There is a large and large input stream, so large that no memory can be stored, and only input once, how to randomly get N records from this input stream. What method can we use to get the random data of n equal probabilities without the need to store the data stream?
That's, If m<=n, just keep it. For M>n, generate a random number R=rand (m) in [0, M), replace A[r] with new number if R falls in [0, N).
The procedure is as follows:
#include <iostream>
using namespace Std;
void sample (int n,int* output)
{
int m=0;
int Val;
while (M<n && cin>>val)
Output[m++]=val;
while (Cin>>val)
{
m++;
if (rand ()%m<n)
Output[rand ()%n]=val;
}
}
The correctness of this method proves that:
1. Since a total of n elements are stored, the probability of selecting one of the elements is 1/n (this is temporarily placed, which is used later)
2. As shown
We first ask for the probability that a data is finally taken in n data, which obviously requires all s data (assuming the total number of s) to be equal to the probability of each number being obtained, i.e. 1/s.
If the first data in the N data is taken, it is not replaced by any data in the subsequent data.
first to seek the probability of not being replaced by the n+1 data:
First to obtain the correlation probability, to n/k probability to determine whether to take, that is:
obtained probability--n/(n+1)
does not get the probability--1/(n+1)
obtained and the first data exchange probability (n/( N+1) * (1/n)

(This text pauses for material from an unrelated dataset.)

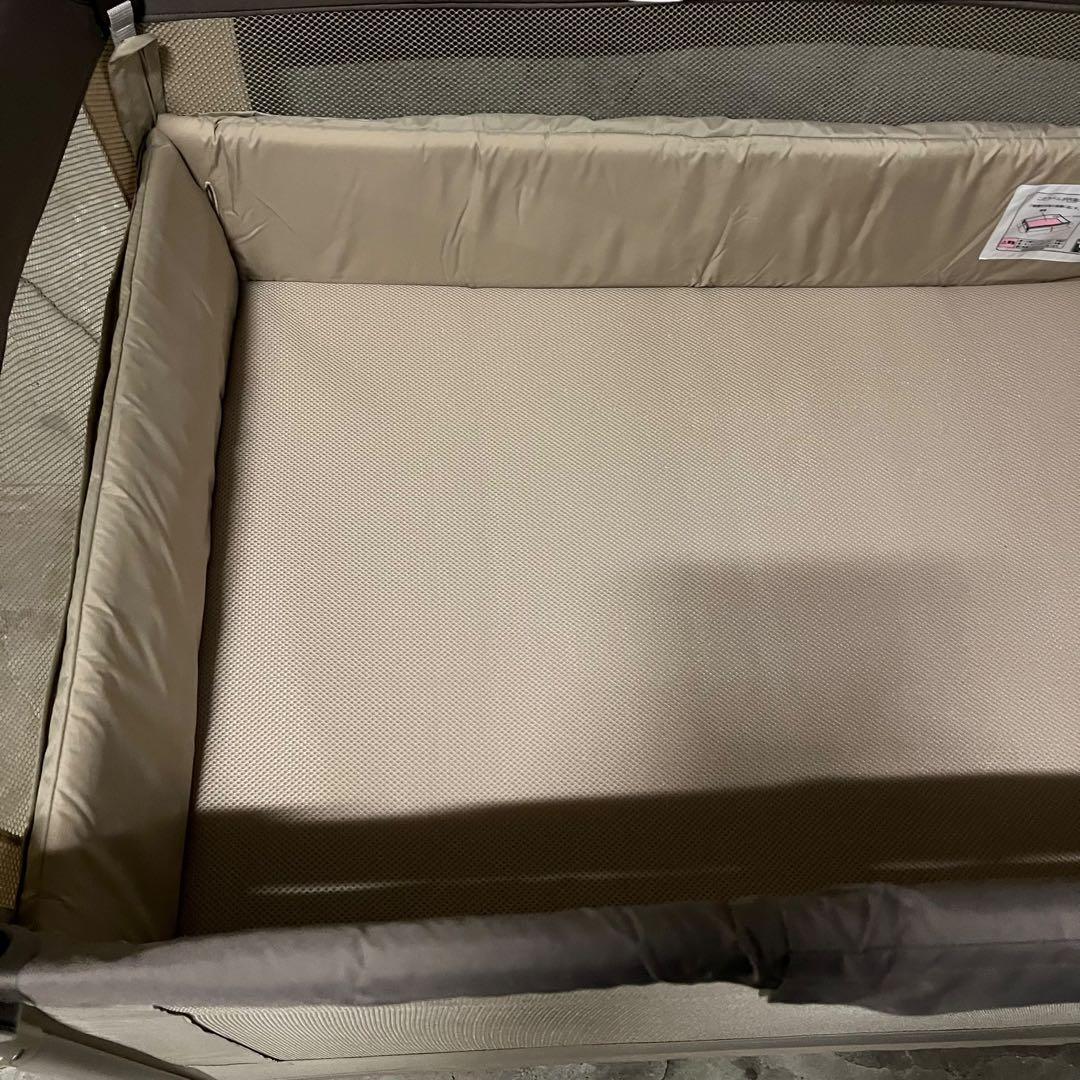 【美品】Aprica ココネルエアー ベビーベッド 折り畳み ベッド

Therefore: the probability that the first data is not replaced by the n+1 data is (1-(n/(n+1)) * (1/n))
Simplification is: n/(n+1)
This is the n+1 data, then the subsequent data. The probability that
is not replaced by the n+2 data, in turn: (n+1)/(n+2)
is not replaced by the first n+3 data: (n+2)/(n+3)
... ..... ..... ..... ............................. ..... ..... ..... ..... ..... ..... ..... ..... ..... ..... ..... ..... ....... ..... The probability that the
is not replaced by the S-1 data: (s-2)/(S-1)
is not replaced by the first S data: (s-1)/s
The probability that the first data is not replaced is the product of each probability, namely:
(n/(n+1)) * ((n+1)/( N+2) * ((n+2)/(n+3) * ... * ((s-2)/(S-1) * ((S-1)//////////////)
This, the previous and next items numerator slightly, the result of simplification is: N/S.
3. You can use the probability of the first step, because the first data is one of the top n data, and the final result is a random n data, so the probability of the second step is multiplied by the 1/n in the first step, the result is (N/S) * (1/n) is 1/s, That was the result we expected. Since each data obtained probability is 1/s, then, equal probability.